I think he was annoyed with me rather than you, Croc, since i kinda repeated his post, but apologies for that, as i said i wasn´t sure i got you right there.

 

Steppe people versus steppe people doesn´t count here tho, since they did not have the standart battle lines like the western european armies. I mean they did not have battle lines, a lot of spears/pikes and so on. I would imagine steppes vs steppes involves a lot of shooting arrows (that should be reflected by horse armor a lot easier than a spear since a horse is kind of angular), riding into light sword infantry rather than heavy sword or light spears/medium pikes and also a lot more surprise attacks and general outmaneuvering (as in, the enemy ddidn´t even know you´re coming, just attack their camp during the night).

 

bear in mind, This is just speculations, no idea if my PRESUMATIONS (fancy word that :p) are accurate or not.

 

“All the companies were clad in iron, and all parts of their bodies were covered with thick plates, so fitted that the stiff-joints conformed with those of their limbs; and the forms of human faces were so skilfully fitted to their heads, that since their entire body was covered with metal, arrows that fell upon them could lodge only where they could see a little through tiny openings opposite the pupil of the eye, or where through the tip of their nose they were able to get a little breath.
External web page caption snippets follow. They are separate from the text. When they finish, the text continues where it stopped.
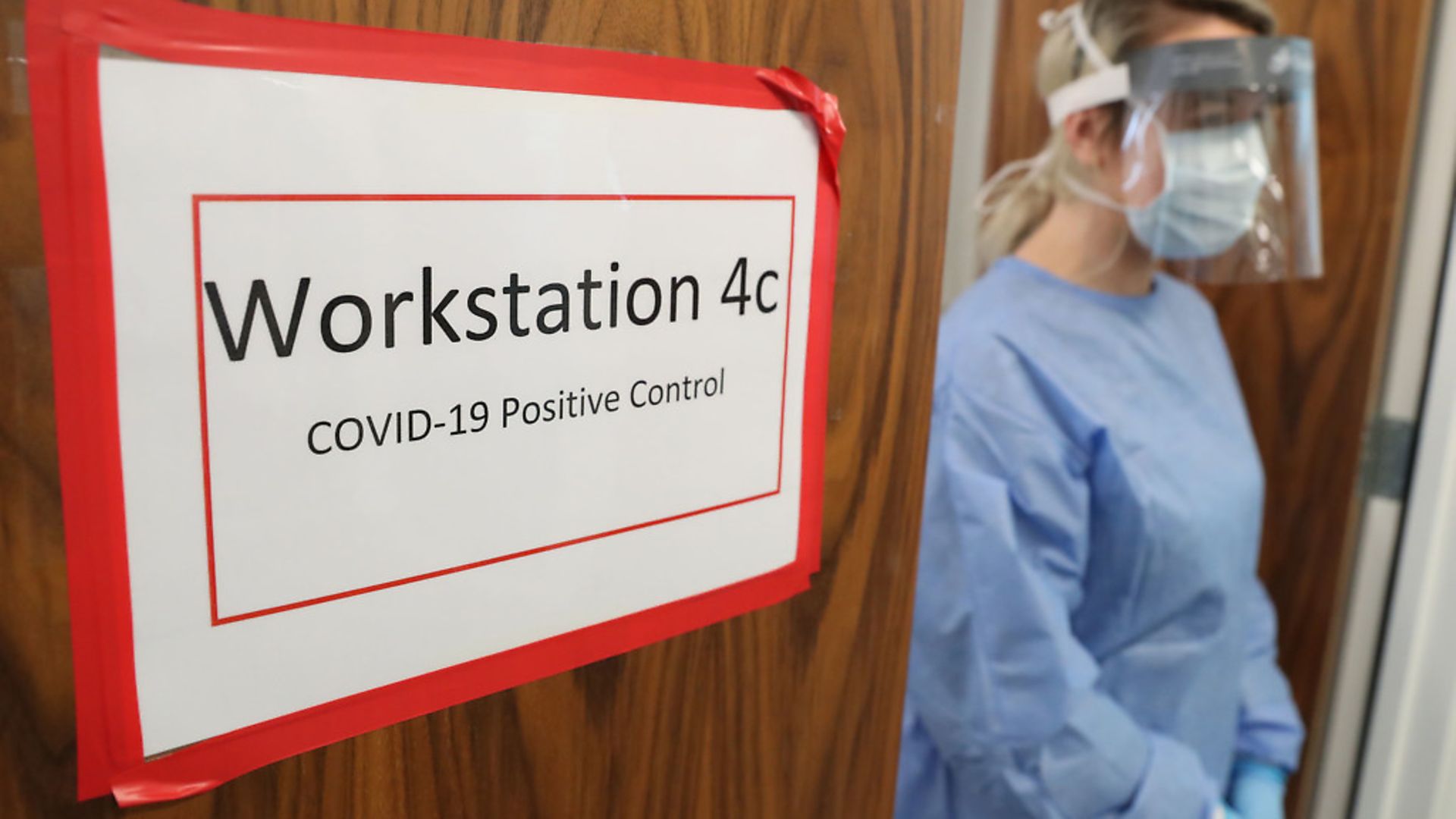 Technicians  during the opening of the new Covid-19 testing lab at Queen Elizabeth University Hospital, Glasgow. Photograph: Andrew Milligan/PA Wire. - Credit: PA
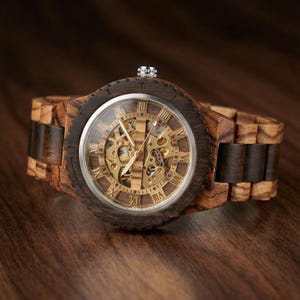 May include: A wooden wristwatch with a visible mechanical movement. The watch has a dark brown bezel and a light brown wooden strap. The watch face features Roman numerals and gold-coloured gears.
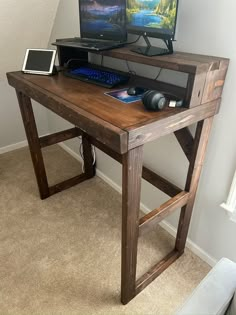 two computer monitors sitting on top of a wooden desk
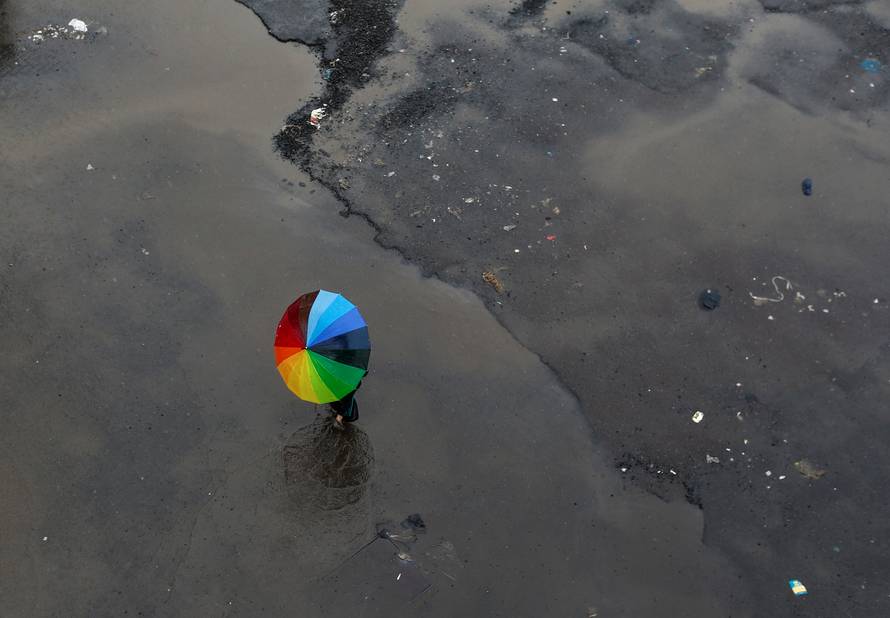 A woman carrying an umbrella crosses a flooded street as it rains in Mumbai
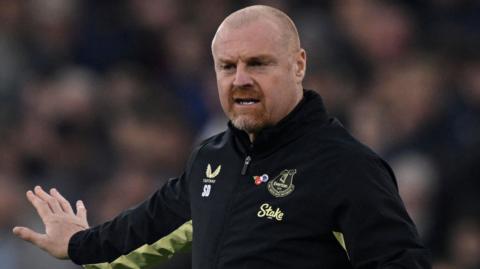 Dyche waves his arm on the touchline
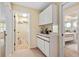 Hallway featuring built-in cabinetry and access to the laundry room and the bathroom at 7639 Fairway Woods Dr # 605, Sarasota, FL 34238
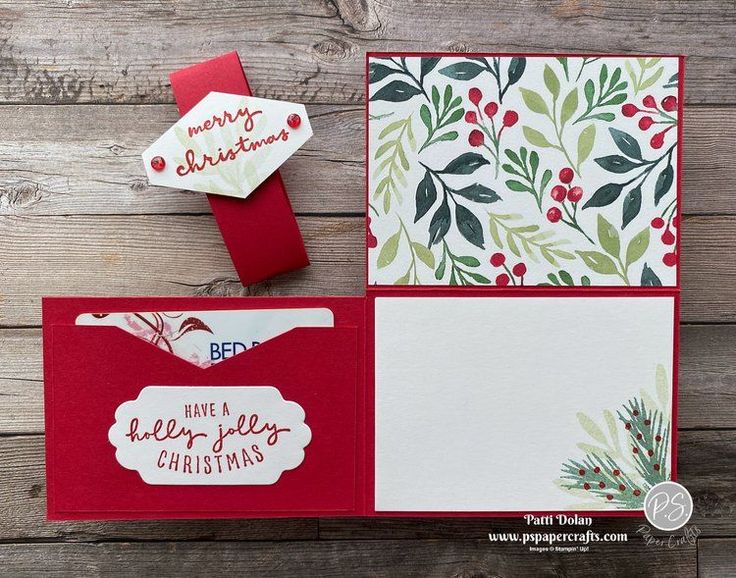 three christmas cards on top of each other, one is red and the other has green leaves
Of these some who were armed with pikes, stood so motionless that you would have thought them held fast by clamps of bronze.”
 
While pre-history/classical rarely changed and was just a skirmish fest with Nomad culture that depended on the skill of your warriors, later steppe tribes accentuated heavily armored shock cavalry.  A heavily armored lancer not only made range missiles nearly a waste, but removed the use of a standard melee cavalry while giving the flexibility of crushing heavy infantry.
 
This evolution in cavalry is what changed the PreHellenistic Persian/Post Philip Greek cavalry into a proper shock cavalry, but this was learned from the Persians conflict with the Saka more than likely. 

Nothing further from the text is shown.